Diálogos entre o juiz e as partes de um processo judicial são normais. Aliás, o magistrado tem o dever de receber e atender as partes, em audiência, quando solicitado, em seu gabinete de trabalho, a qualquer momento do expediente forense, independente de hora marcada. O que não é normal é o juiz instruir uma das partes para que suas peças jurídicas e respectivos pedidos sejam elaborados de tal forma que, posteriormente, venham a ser julgados procedentes. Isso é a forma mais canhestra e descarada de prejulgamento. E isso não é normal.

Os diálogos entre o então juiz Sérgio Moro e o procurador da República, coordenador da força-tarefa da operação lava jato, Deltan Dallagnol, divulgados nesses últimos dias, em complemento aqueles que já haviam sido divulgados no âmbito da série de reportagens denominada de Vaza Jato provam que o coordenador da operação era, de fato, o juiz Moro e não o procurador Dallagnol. Tudo era combinado previamente com o magistrado. Antes de ajuizar/protocolar qualquer peça jurídica, os procuradores do MPF, membros da FT submetiam tudo à apreciação prévia de Moro, que dizia se estava de acordo ou não. Moro, órgão julgador, se comportava como um assessor jurídico do órgão acusador. Isso demonstra, claramente, uma combinação do jogo processual entre quem acusa e quem julga. E isso não é normal.

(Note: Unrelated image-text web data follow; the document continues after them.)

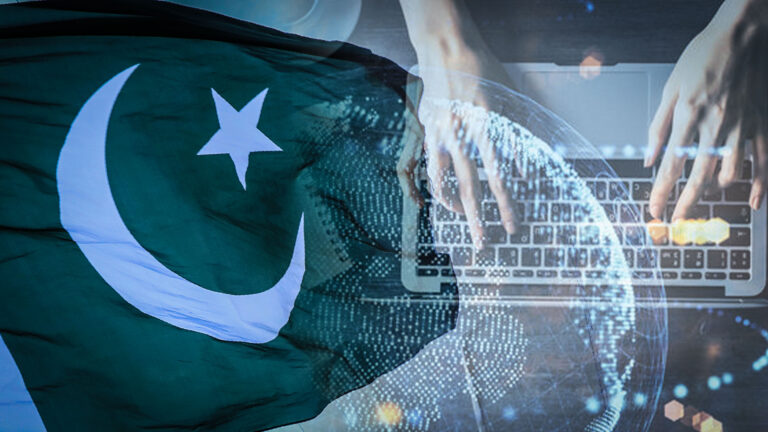 A man from the Pakistan's Hindu community waves a national flag during a rally expressing solidarity with the people of Kashmir, on Pakistan's 72nd Independence Day in Peshawar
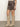A person wearing the Sanctuary Clothing camden skirt french kitty, a leopard print mini skirt, with light beige knee-high suede boots, stands on a concrete floor against a plain light-colored wall.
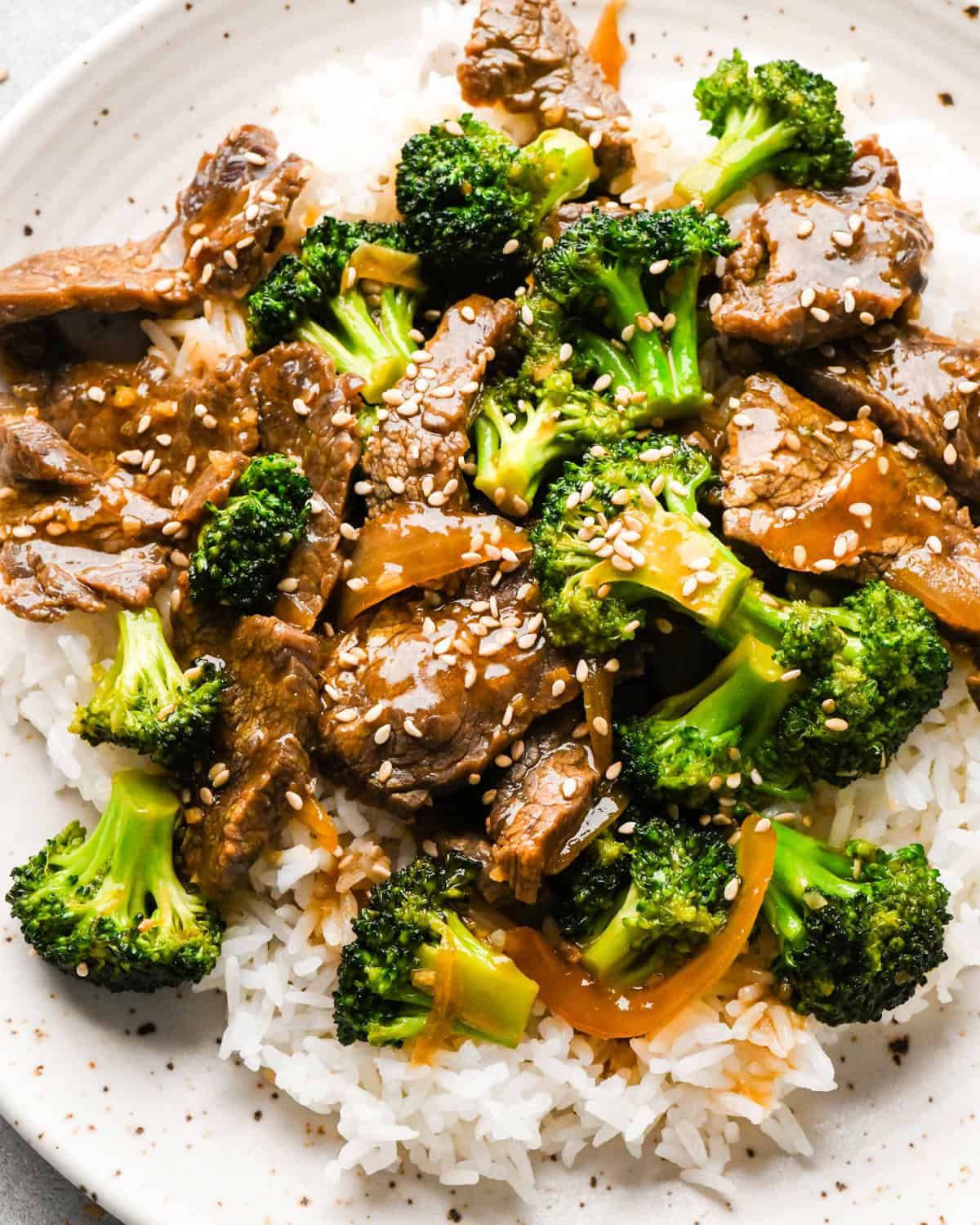 Making beef and broccoli: beef and broccoli stir-fry on top of white rice and sprinkled with sesame seeds, being served on a white speckled plate.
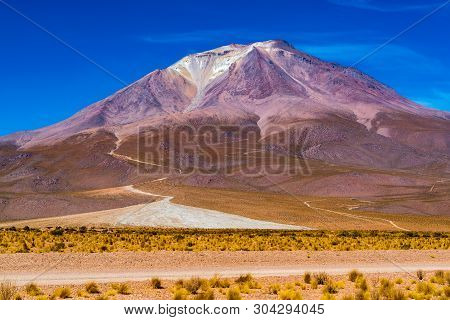 View Of The Water Flowing Down From The Beautiful Crater Of The Dormant Tunupa Volcano In Uyuni Boli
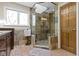 Modern bathroom featuring a walk-in shower with skylight, stone tile, and wooden cabinets at 13 Ridgeline Dr, Brownsburg, IN 46112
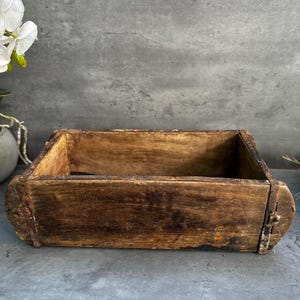 May include: A rectangular, weathered wooden brick mould with a dark brown, distressed finish. The box features visible wood grain, a rough texture, and a thin, rusted metal band wrapped around the exterior sides, showing signs of age and wear.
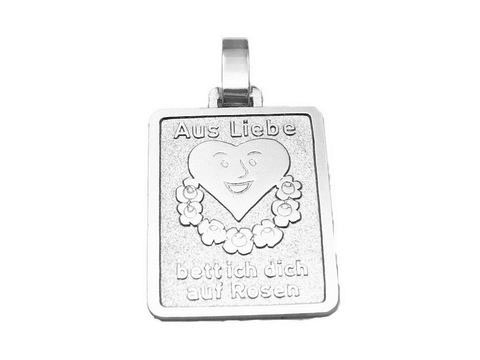 Silber Anhänger mit dem Motiv Aus Liebe bette ich Dich auf Rosen, gefertigt von Juwelier Harnisch, zeigt ein Herz umgeben von Blumen und lächelndem Gesicht.
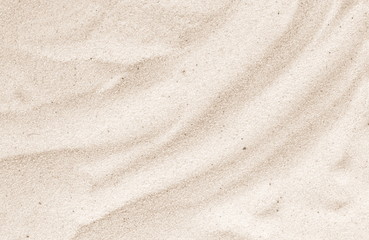 Fototapeta na wymiar Sand on the beach as background. Sand Texture. Brown sand. Background from fine sand.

É por isso que, em alguns países, o juiz da instrução penal não é o mesmo juiz que julga o caso/processo. Porque se considera que o ato de deferir ou não pedidos aptos a interferir na produção de provas macula a imparcialidade do magistrado. No Brasil, o juiz da instrução é o mesmo que julga a ação penal. Mas, Moro foi muito além disso. Ele auxiliava a parte acusadora na elaboração da estratégia investigativa, na escolha da tese jurídica a ser utilizada e até mesmo na redação das peças jurídicas, de forma que não havia outro julgamento possível, senão a concordância com os pedidos do MPF e a consequente condenação dos acusados. Isso caracteriza interferência do juiz na produção de provas. E isso não é normal.

Antecipação de decisão, combinação de jogo processual entre quem acusa e quem julga e interferência do juiz na produção de provas não são “filigranas” processuais para serem desconsideradas. São garantias que constituem o rol dos direitos fundamentais de cada cidadão. É constrangedor constatar que profissionais do direito assim agiram e foram imolados e alçados, pela imprensa, à condição de super-heróis do combate à corrupção, sendo que, para isso, usavam de práticas ilícitas. É coisa de gente safada, canalha, calhorda, conduta comparável apenas ao comportamento reptiliano conspiratório do General Villas Bôas, de intimidar, com ameaças, a mais alta Corte de Justiça do país e, assim, interferir nos resultados de uma eleição. Mas, esse já é assunto para outro artigo.

Como “escusas” o ex-juiz e ex-ministro da Justiça do desgoverno Bolsonaro disse, em “nota oficial”, datada de 1° de fevereiro de 2021, o que já se sabe ser de seu feitio: que não reconhece a autenticidade das mensagens (o que foi reconhecido em perícia judicial); que estas foram obtidas de forma ilícita (o que é verdade, mas, tal fato não anula o seu conteúdo e nem o seu uso, pela defesa de um réu); e que, ainda que autênticas ou obtidas por meio lícito, não haveria nada de errado com o conteúdo ou teor das mesmas. Ou seja, afirma, cinicamente, que não praticou aquilo que está provado que praticou: conluio, colusão. Até quando vamos aceitar o cinismo como justificativa? Até quando vamos normalizar o anormal?